» **EXERCISE REQUIREMENTS**:
Which lines in the records below include the word "Long"? Report each of them in full.

» **SUPPLIED DATA**:
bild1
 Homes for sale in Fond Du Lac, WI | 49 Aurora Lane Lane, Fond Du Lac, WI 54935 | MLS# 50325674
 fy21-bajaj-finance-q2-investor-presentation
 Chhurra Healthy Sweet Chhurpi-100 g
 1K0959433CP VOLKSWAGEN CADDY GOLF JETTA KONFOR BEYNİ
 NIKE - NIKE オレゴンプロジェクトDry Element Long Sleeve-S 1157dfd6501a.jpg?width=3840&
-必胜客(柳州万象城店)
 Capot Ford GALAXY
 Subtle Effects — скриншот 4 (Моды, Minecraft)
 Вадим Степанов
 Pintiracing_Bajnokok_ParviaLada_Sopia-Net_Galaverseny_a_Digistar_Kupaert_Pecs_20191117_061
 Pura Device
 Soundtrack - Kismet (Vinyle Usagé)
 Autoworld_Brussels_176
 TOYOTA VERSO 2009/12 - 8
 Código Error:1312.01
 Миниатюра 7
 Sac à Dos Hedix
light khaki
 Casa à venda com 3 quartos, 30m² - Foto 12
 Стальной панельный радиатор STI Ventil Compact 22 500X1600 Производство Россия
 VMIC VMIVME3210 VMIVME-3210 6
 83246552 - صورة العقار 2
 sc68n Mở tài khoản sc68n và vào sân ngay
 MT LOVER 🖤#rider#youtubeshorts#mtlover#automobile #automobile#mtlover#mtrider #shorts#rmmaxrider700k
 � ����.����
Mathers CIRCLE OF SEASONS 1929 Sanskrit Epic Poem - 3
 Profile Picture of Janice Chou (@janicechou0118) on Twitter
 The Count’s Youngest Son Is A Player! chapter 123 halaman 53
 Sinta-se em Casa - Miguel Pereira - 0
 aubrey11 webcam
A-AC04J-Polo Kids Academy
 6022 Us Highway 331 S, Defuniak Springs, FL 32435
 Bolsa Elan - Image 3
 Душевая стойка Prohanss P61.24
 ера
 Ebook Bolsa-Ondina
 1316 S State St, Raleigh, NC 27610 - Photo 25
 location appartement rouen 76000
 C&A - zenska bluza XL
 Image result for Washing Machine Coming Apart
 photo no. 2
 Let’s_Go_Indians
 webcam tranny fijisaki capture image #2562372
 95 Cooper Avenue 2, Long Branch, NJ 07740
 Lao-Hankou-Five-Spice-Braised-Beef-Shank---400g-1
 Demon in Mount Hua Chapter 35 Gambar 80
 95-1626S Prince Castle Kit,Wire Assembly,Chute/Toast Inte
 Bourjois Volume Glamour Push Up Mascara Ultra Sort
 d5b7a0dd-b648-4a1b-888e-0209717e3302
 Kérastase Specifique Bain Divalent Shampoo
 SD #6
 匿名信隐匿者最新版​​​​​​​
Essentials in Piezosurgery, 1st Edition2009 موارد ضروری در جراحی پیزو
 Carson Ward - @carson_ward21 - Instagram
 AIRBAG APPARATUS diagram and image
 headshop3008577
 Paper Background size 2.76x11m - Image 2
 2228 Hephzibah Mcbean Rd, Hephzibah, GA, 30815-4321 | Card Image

» **RESPONSE TO THE TASK**:
 NIKE - NIKE オレゴンプロジェクトDry Element Long Sleeve-S 1157dfd6501a.jpg?width=3840&
 95 Cooper Avenue 2, Long Branch, NJ 07740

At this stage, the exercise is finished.